Today is known in the Irish Language as Lá Fhéile Mór Naomh Muire san Fhómhar, which is to day, the Great Feast Day of Our Lady in Autumn (or perhaps in Harvest Time).
During the long centuries of persecution, it was necessary for Irishmen to flee from their own country to preserve their Faith and their Culture, a Catholic Gaelic Heritage that was so intimately interwoven that the loss of Christian Gaelic Culture, they felt, would represent the loss of one of the Providential gifts to mankind and to the Church.
They fled abroad to Colleges such as Louvain and Rome, which still maintain links with Ireland to this day. The character of these clerics was not uniform, of course. Many became infected with Jansenism. Discipline was a problem, especially given that one custom was for persecuted Bishops in Ireland to ordain men before sending them to the Continental Seminaries, so that they could support themselves by means of Mass stipends.
One Priest who sought to root out this practice was Fr. Andrew Dunlevy (1680-1746) of the Collège des Lombards, Paris. In 1742, he published An Teagasg Críosduidhe do reir ceasada agus freagartha (The Cathecism or Christian Doctrine by way of question and answer) in order to supply the dire wants of the faithful back in Ireland, who were deprived of Priests, Sacraments, Catholic education and any form of Church organisation under the bitter persecution of English Heretics.
An appendix contained "‘an abridgement of the Christian doctrine in rhymed Irish, composed upwards of an Age ago by the zealous and learned F. Bonaventure Ó hEoghusa of the Order of S. Francis; and also with the elements of the Irish language, in favour of such as would fain learn to read it; and thereby be useful to their Neighbour."

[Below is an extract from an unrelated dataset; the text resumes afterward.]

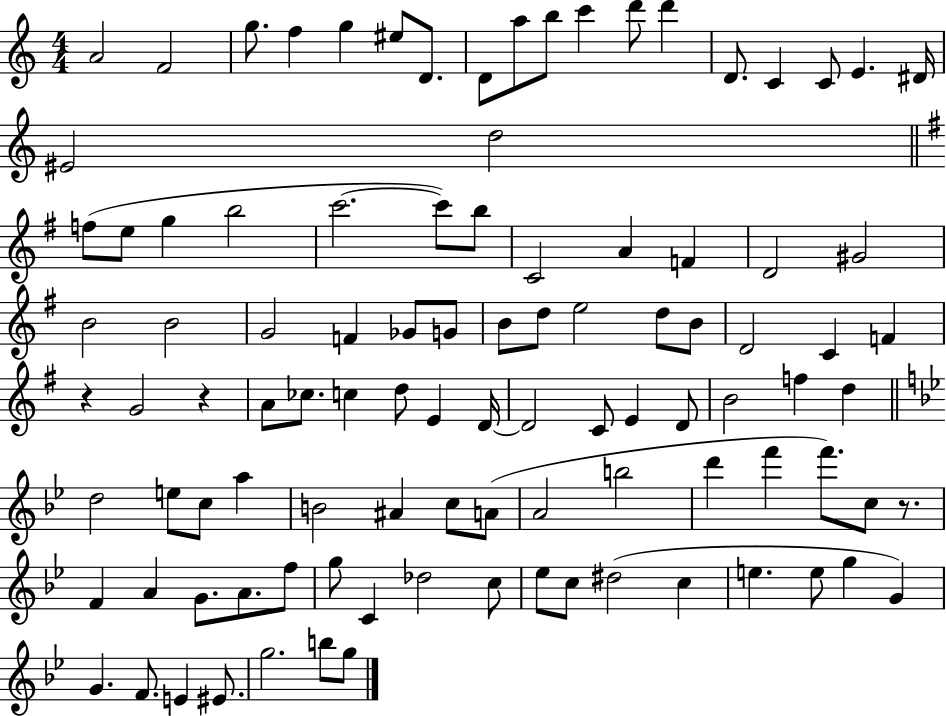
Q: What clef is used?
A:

The author mourns that Irish is "on the Brink of Utter Decay, to the great dishonour and shame of the Natives, who shall always pass every where for Irishmen, Although Irishmen without Irish is an incongruity, and a great bull. Besides, the Irish Language is undeniably a very ancient Mother-Language, and one of the smoothest in Europe, no way abounding in monosyllables, nor clogged with rugged consonants ... And there is still extant a great number of old valuable Irish manuscripts, both in publick and private hands, which would, if translated and published, give great light into antiquities of the Country, and furnish some able pen with materials enough, to write a compleat history of the Kingdom; What a discredit then must it be to the whole Nation, to let such a Language go to wrack ..."
In one section of Fr.
Ó hEoghusa's rhymed
catechism, on the subject
of Faith by Scripture alone,
we read:
Bheith d’ go Mhuire riamh ‘na hóigh,
Baisdeach leanbh gur chóir do grés,
Bheith ar an nDomhnach don Cháisg –
San scrioptúir, fós, cáit ‘nar légh?
This translates as:
That Mary was always a virgin;
That a child should always be baptised;
That Easter falls always on a Sunday,
Where did you read this in Scripture?
May the Gaels of today be worthy of their ancestors and their magnificent Gaelic and Catholic Heritage!
*The painting in this post is the Assumption, c. 1655, by Matteo Cerezo (1635-1685) that is today housed in the del Prado in Madrid, where a good deal of his work is to be found.